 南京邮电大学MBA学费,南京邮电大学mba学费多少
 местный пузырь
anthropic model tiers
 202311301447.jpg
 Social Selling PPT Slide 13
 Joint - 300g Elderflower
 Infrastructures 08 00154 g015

######

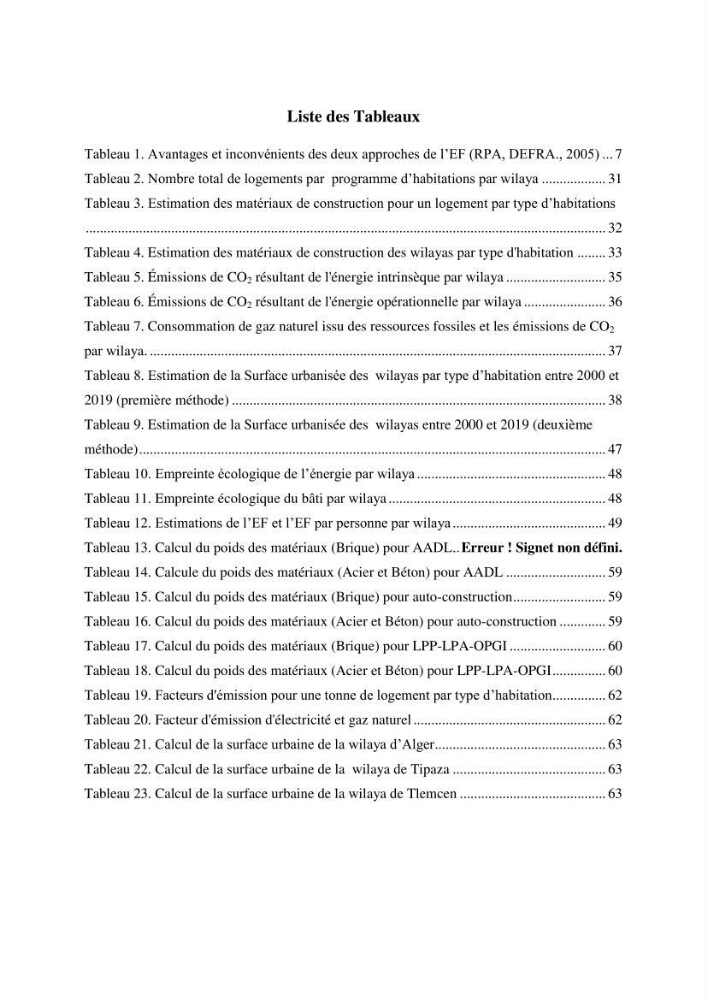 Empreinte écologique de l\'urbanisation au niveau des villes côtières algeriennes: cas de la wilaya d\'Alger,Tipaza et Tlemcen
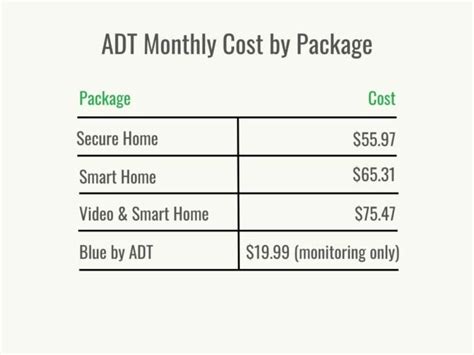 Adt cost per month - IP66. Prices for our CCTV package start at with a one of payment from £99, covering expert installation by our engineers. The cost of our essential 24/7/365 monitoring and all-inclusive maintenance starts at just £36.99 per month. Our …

######

== EXERCISE GOAL ==
Give back the records above exactly, limited to the lines between the one holding "Joint - 300g Elderflower" and the one holding "Infrastructures 08 00154 g015", inclusive.

== ANSWER BOX ==
 Joint - 300g Elderflower
 Infrastructures 08 00154 g015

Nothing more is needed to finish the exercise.